Metro Weekly

Phantom Makes Fixes to Filters

Company adjusts its software algorithm for Web filters after blocking LGBT sites on Montgomery County computers

Score one for freedom of information. Score another for correcting a mistake, albeit unintentional.

The company that produces the software used for website filtering that was responsible for blocking a number of LGBT-related websites on Montgomery County government computers has announced an update to its software so such sites will not be blocked.

Phantom Technologies Inc., which produces the ”iBoss” software used by Montgomery County to block adult content, announced Nov. 16 it had, for the second time, adjusted the algorithm for the program that blocks content so it would not wrongly categorize nonsexual LGBT-related sites as ”adult” or containing ”pornographic” content.

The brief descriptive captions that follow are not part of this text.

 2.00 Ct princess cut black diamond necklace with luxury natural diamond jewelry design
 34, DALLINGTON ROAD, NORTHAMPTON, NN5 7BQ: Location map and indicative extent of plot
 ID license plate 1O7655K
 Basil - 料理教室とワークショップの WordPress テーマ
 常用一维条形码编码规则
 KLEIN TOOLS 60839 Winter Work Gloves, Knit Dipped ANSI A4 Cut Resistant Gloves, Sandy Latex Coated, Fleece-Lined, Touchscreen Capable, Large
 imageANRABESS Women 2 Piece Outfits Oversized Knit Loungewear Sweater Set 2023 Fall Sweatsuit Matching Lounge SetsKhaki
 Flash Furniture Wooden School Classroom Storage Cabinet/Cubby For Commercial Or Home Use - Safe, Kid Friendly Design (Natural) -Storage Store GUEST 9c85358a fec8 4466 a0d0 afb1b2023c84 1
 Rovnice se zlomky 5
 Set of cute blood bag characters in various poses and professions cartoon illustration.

The controversy, as reported by Metro Weekly last month, began after Jedediah Millard, an employee of Montgomery County Councilmember Nancy Floreen (D-At Large), complained to superiors that he was unable to access a variety of LGBT-related sites for various organizations or news outlets in the course of searching the Internet for news about a Montgomery county resolution regarding marriage equality.

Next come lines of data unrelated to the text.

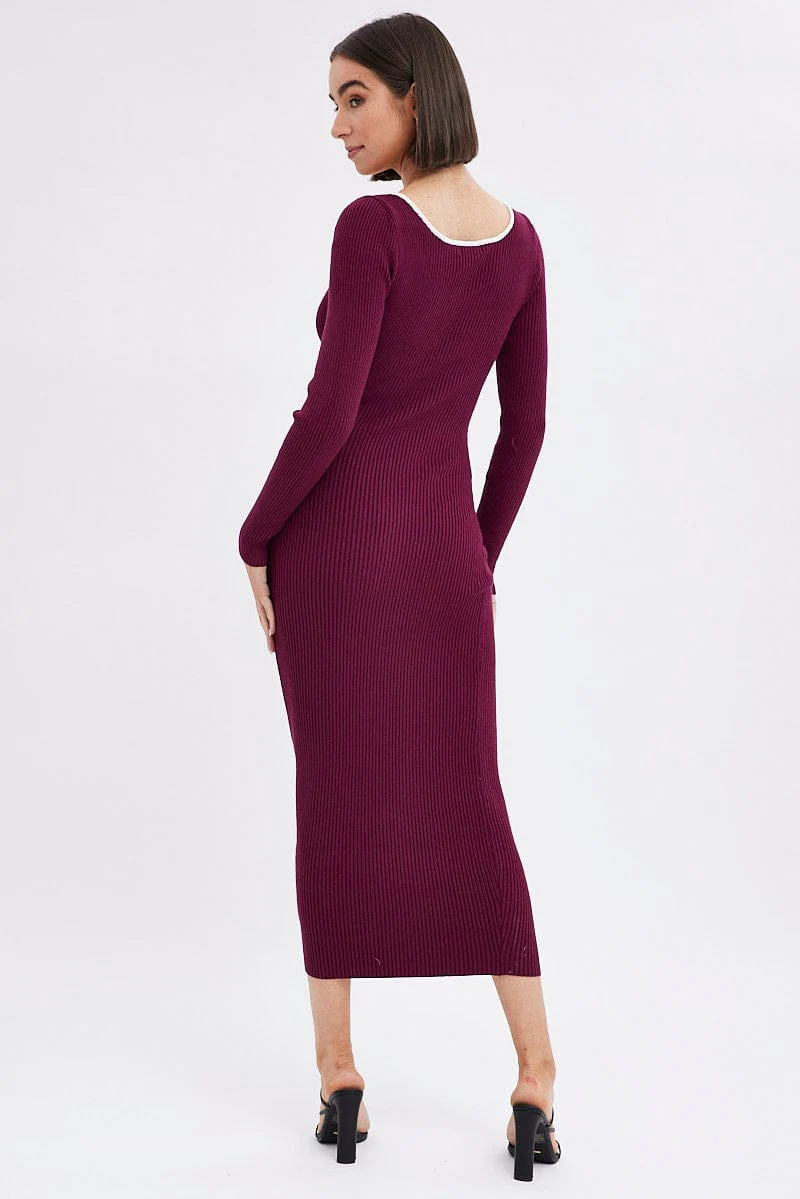 Purple Midi Dress Long Sleeve Sweetheart Contrast Bind - Image 5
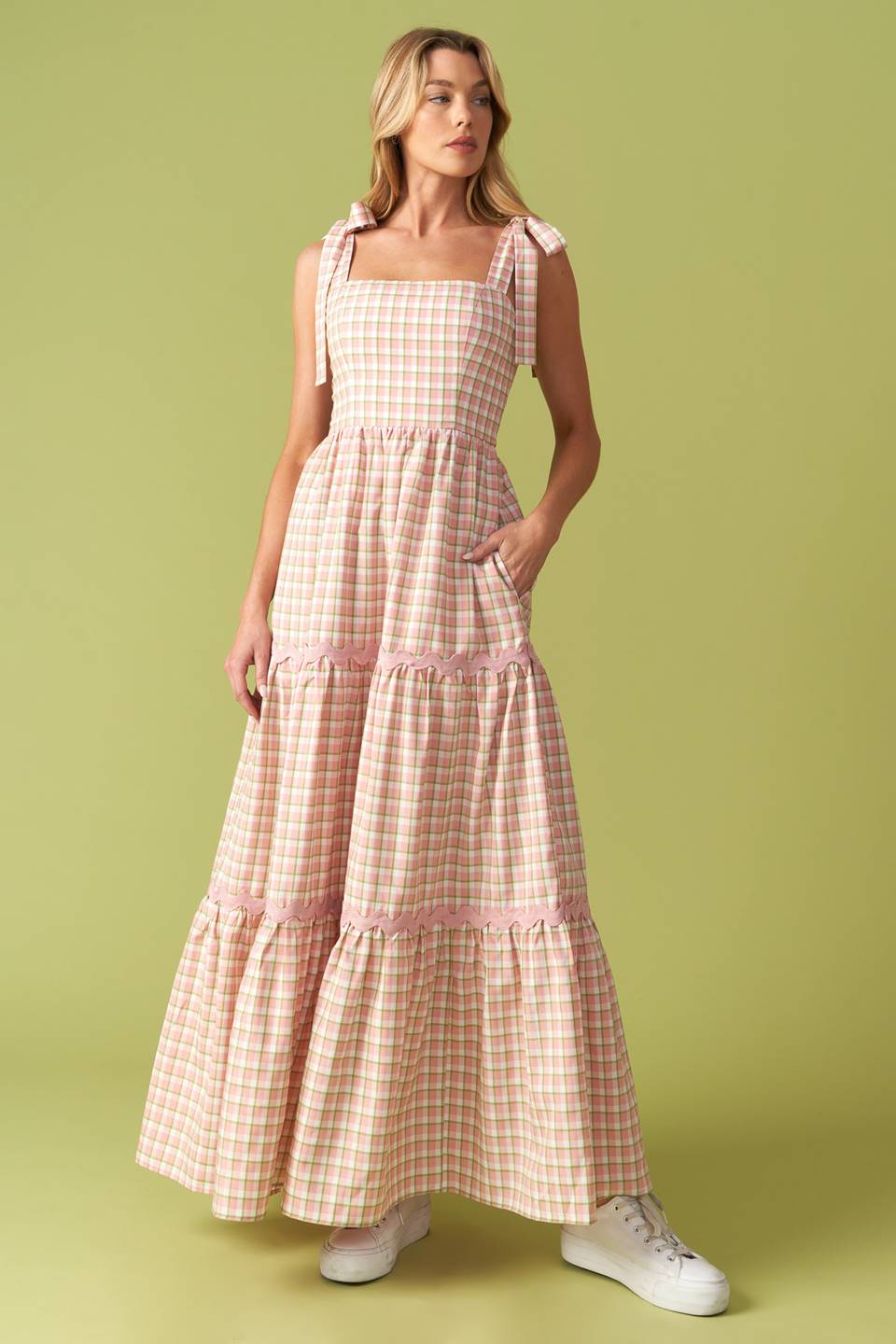 IMAGINA ESE VESTIDO MIDI DE CUADROS VERDES Y ROSAS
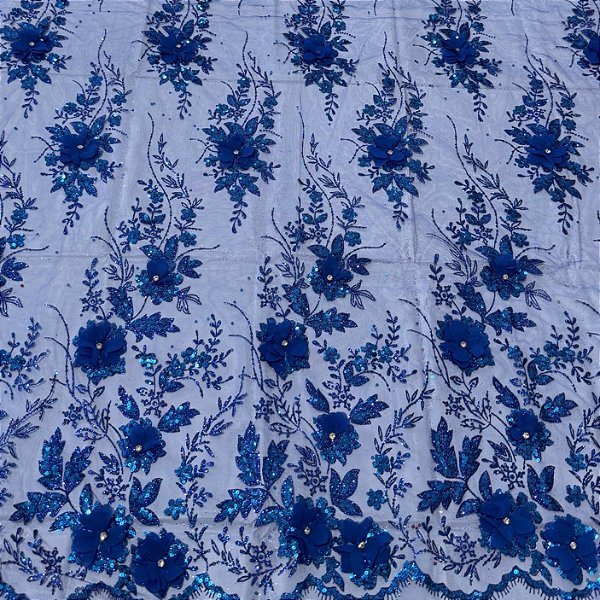 Tule Florata Azul Royal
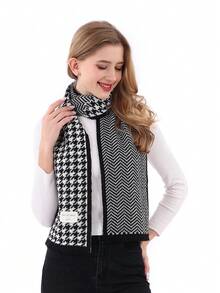 1pc Multi-Color Houndstooth Pattern Faux Cashmere Knitted Warm Fashion Unisex Scarf, Suitable For Casual Daily Wear, Autumn & Winter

When Millard tried to visit such sites, the iBoss browser blocked the sites, instead returning a notice that read, ”Website contains prohibited Pornography/Nudity content.”

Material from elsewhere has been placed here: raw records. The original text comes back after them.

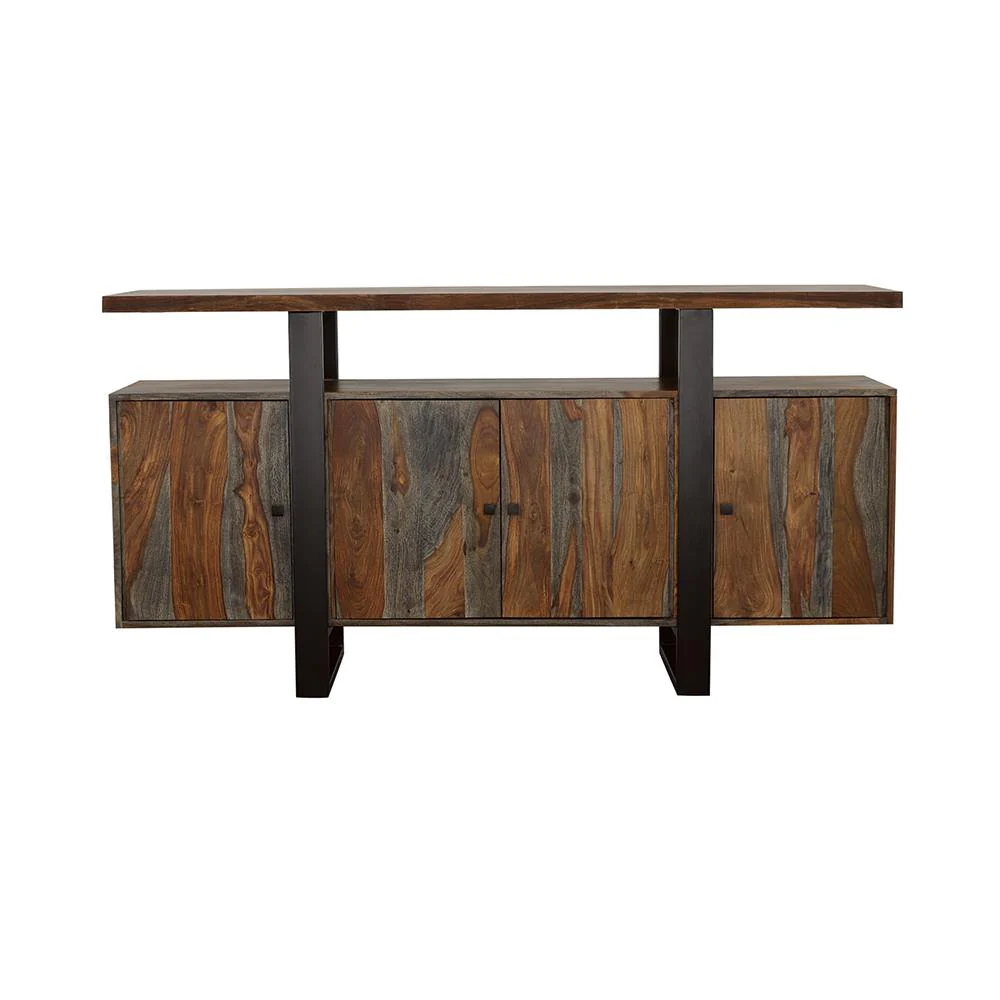 Coaster Furniture Ditman 110185 4-door Solid Wood Sideboard Buffet - Grey Sheesham - Image 2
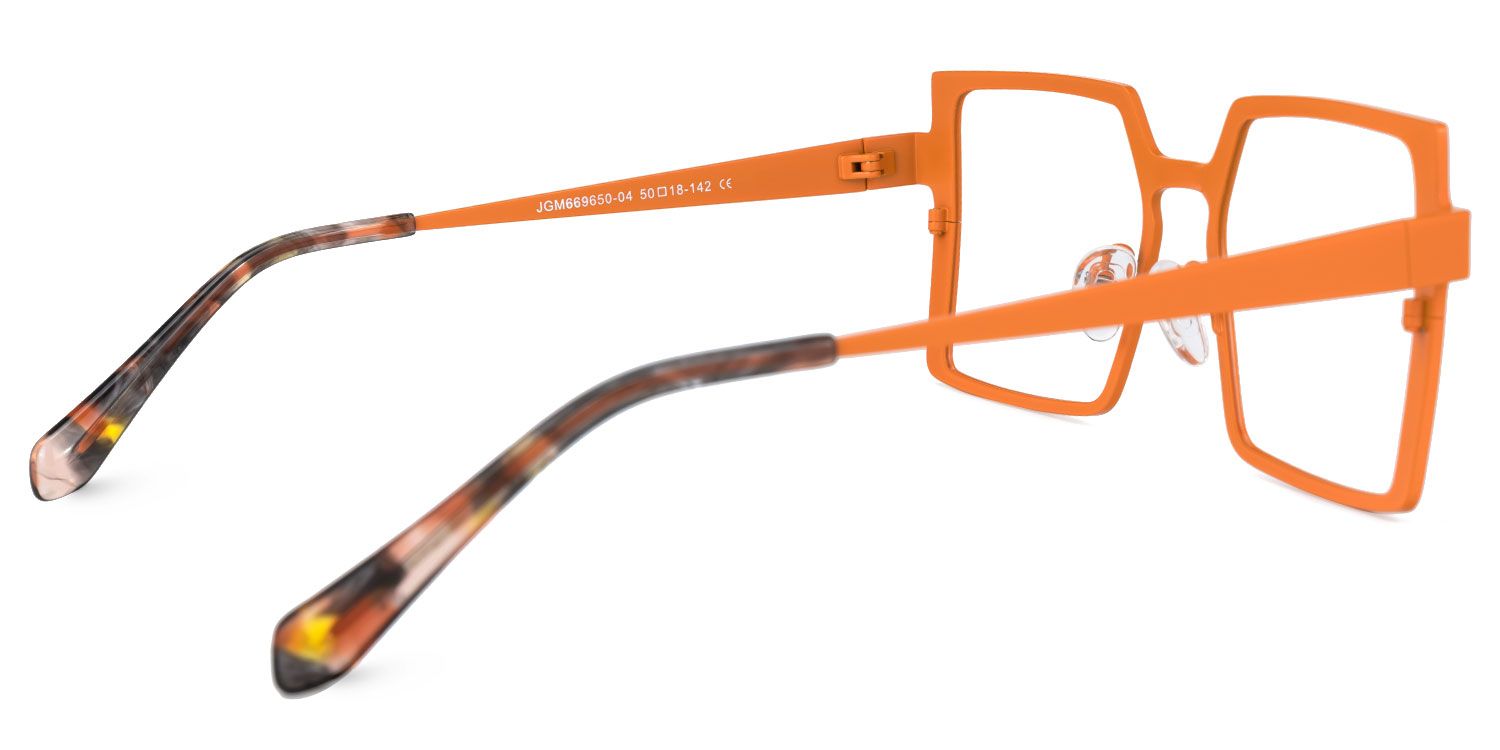 Elowen - Rectangle Orange Eyeglasses by Vooglam - Side View
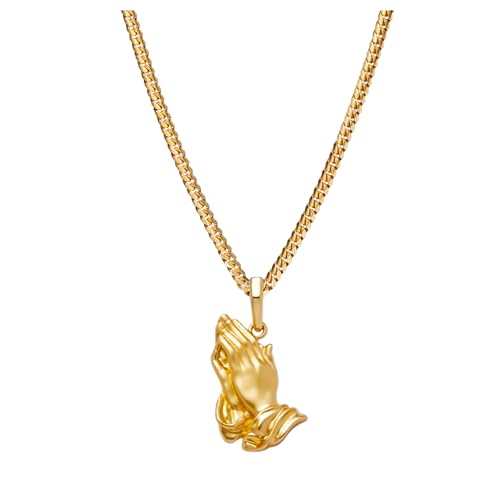 Planet '79 Lord's Prayer Hands: 18k Gold 316L Stainless Steel Prayer Hands Necklace with Chain – A Divine Boyfriend and Girlfriend Gift for Eternity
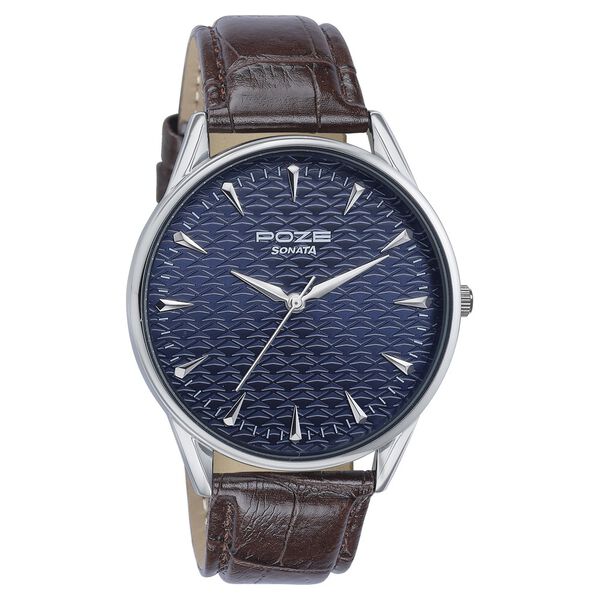 Sonata Poze Quartz Analog Blue Dial Brown Color Leather Strap Watch For Men - image number 2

Millard said he notified a technician from the Montgomery County’s Office of Technology Services, who fixed some of the problems regarding wrongly flagged sites, but some still remained.

The Maryland chapter of the American Civil Liberties Union (ACLU) and the national ACLU then wrote a letter to Phantom Technologies about the blocked websites. Since February, the ACLU has carried out the ”Don’t Filter Me!” campaign, which fights to amend software filters on school computers that block LGBT-related websites while allowing students access to anti-gay organizations’ websites. The ACLU says that such ”viewpoint discrimination” violates students’ rights under the First Amendment of the U.S. Constitution.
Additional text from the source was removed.